Segment Start: SUPPLIED ENTRIES
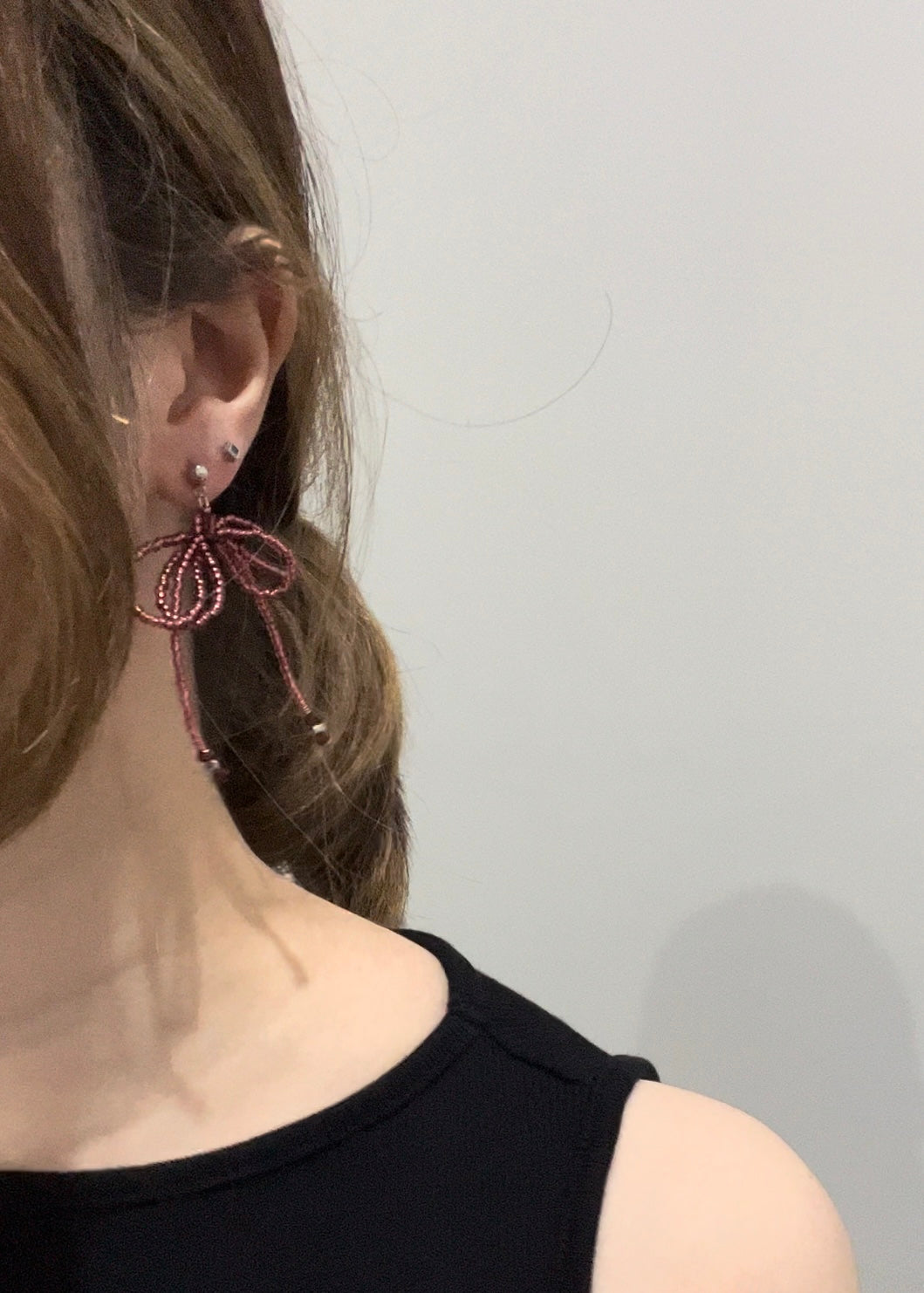 Double Ribbon Earrings - Red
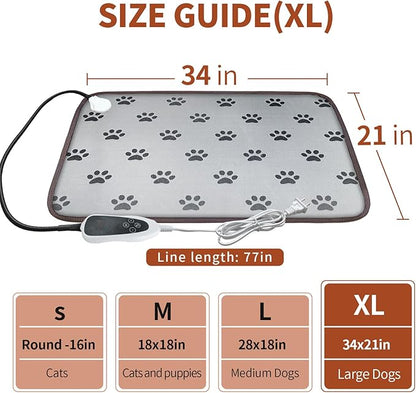 GOLOPET Large Dog Heating Pad 34x21in with Smart Thermostat Switch and Power Line Protection Tube,Obtained MET and UL Dual Certification,Waterproof Pet Heating pad, Suitable for Dogs of All Ages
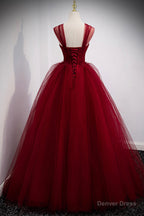 Burgundy Tulle Long A-Line Prom Dress, Burgundy Evening Party Dress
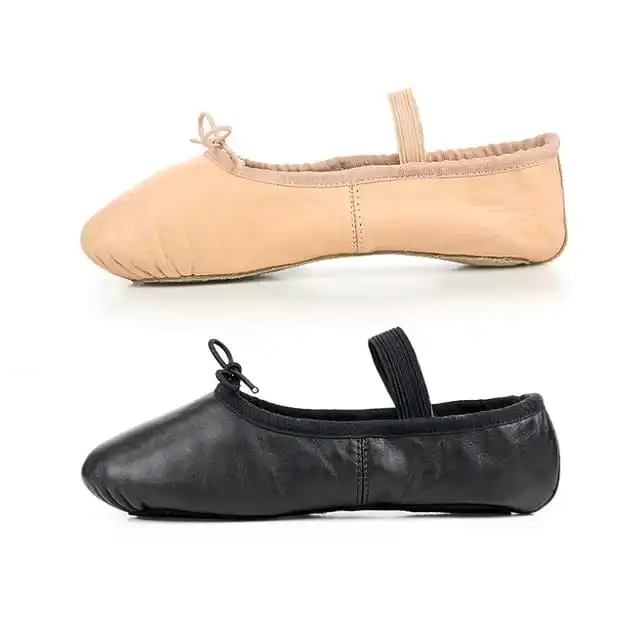 Leather Pink Ballet Full Sole Slippers Real Leather Adult Ballet Flats Ballet Sneakers Pointe Leather Women OEM PK Custom Size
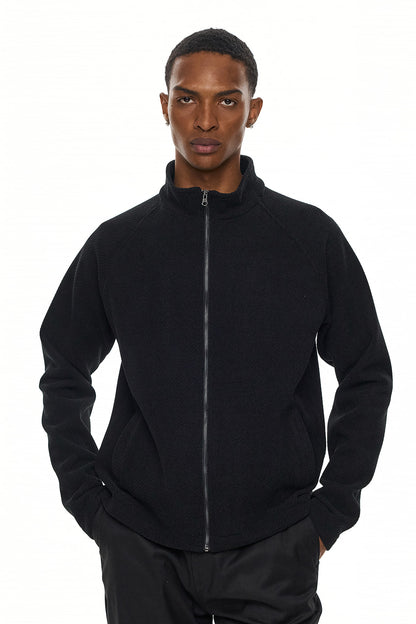YORI Textured Zip Jacket – Black
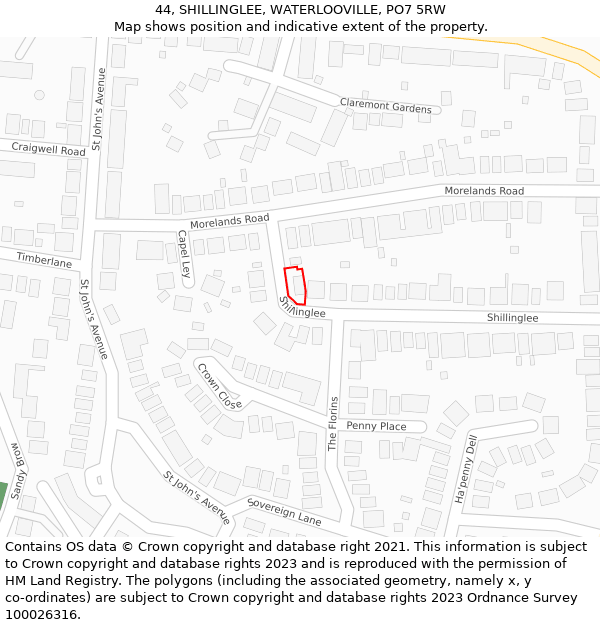 44, SHILLINGLEE, WATERLOOVILLE, PO7 5RW: Location map and indicative extent of plot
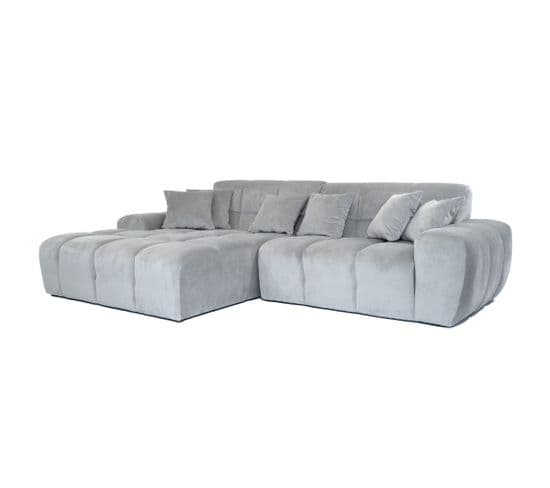 Canapé Angle Gauche Holly 3 Places Velours Gris Souris – 306x200cm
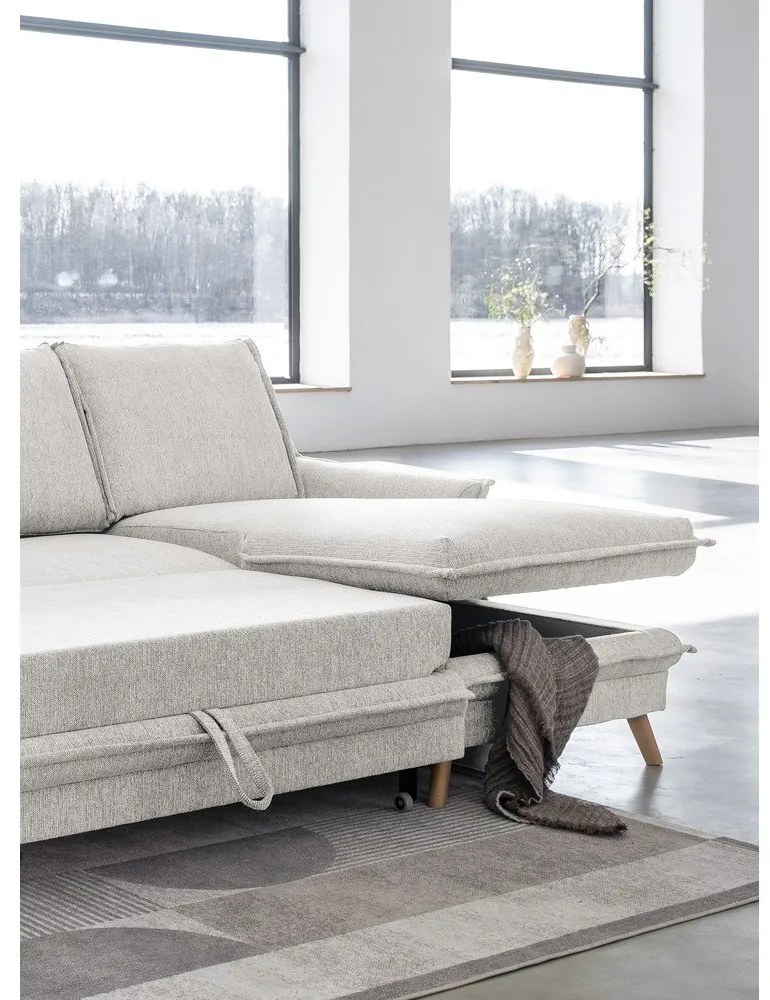 Colțar bej extensibil (cu colț pe partea dreaptă) Charming Charlie – Miuform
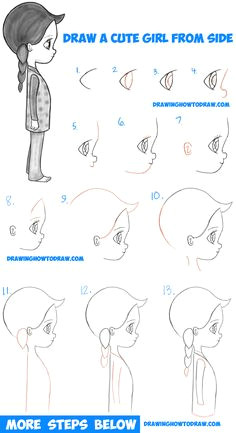 how to draw a cute chibi manga anime girl from the side view easy step by step drawing tutorial for kids beginners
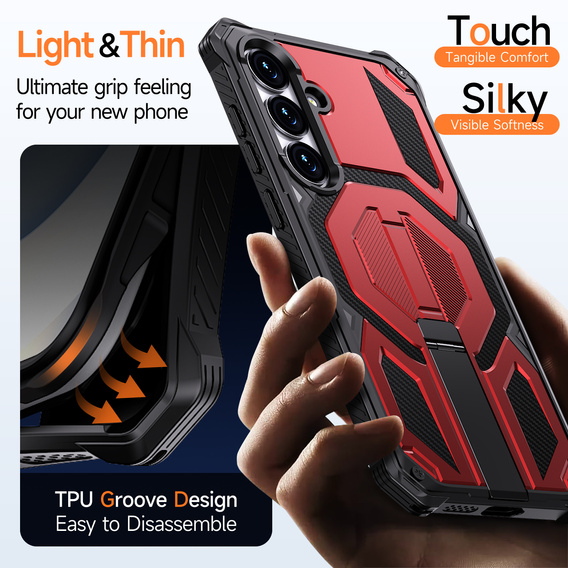 Etui ochronne do Samsung Galaxy S25 FE do MagSafe, z podstawką, czerwone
Segment End: SUPPLIED ENTRIES
Every entry belongs in the answer exactly as written, but no picture does.

 Double Ribbon Earrings - Red
 GOLOPET Large Dog Heating Pad 34x21in with Smart Thermostat Switch and Power Line Protection Tube,Obtained MET and UL Dual Certification,Waterproof Pet Heating pad, Suitable for Dogs of All Ages
 Burgundy Tulle Long A-Line Prom Dress, Burgundy Evening Party Dress
 Leather Pink Ballet Full Sole Slippers Real Leather Adult Ballet Flats Ballet Sneakers Pointe Leather Women OEM PK Custom Size
YORI Textured Zip Jacket – Black
 44, SHILLINGLEE, WATERLOOVILLE, PO7 5RW: Location map and indicative extent of plot
 Canapé Angle Gauche Holly 3 Places Velours Gris Souris – 306x200cm
 Colțar bej extensibil (cu colț pe partea dreaptă) Charming Charlie – Miuform
 how to draw a cute chibi manga anime girl from the side view easy step by step drawing tutorial for kids beginners
 Etui ochronne do Samsung Galaxy S25 FE do MagSafe, z podstawką, czerwone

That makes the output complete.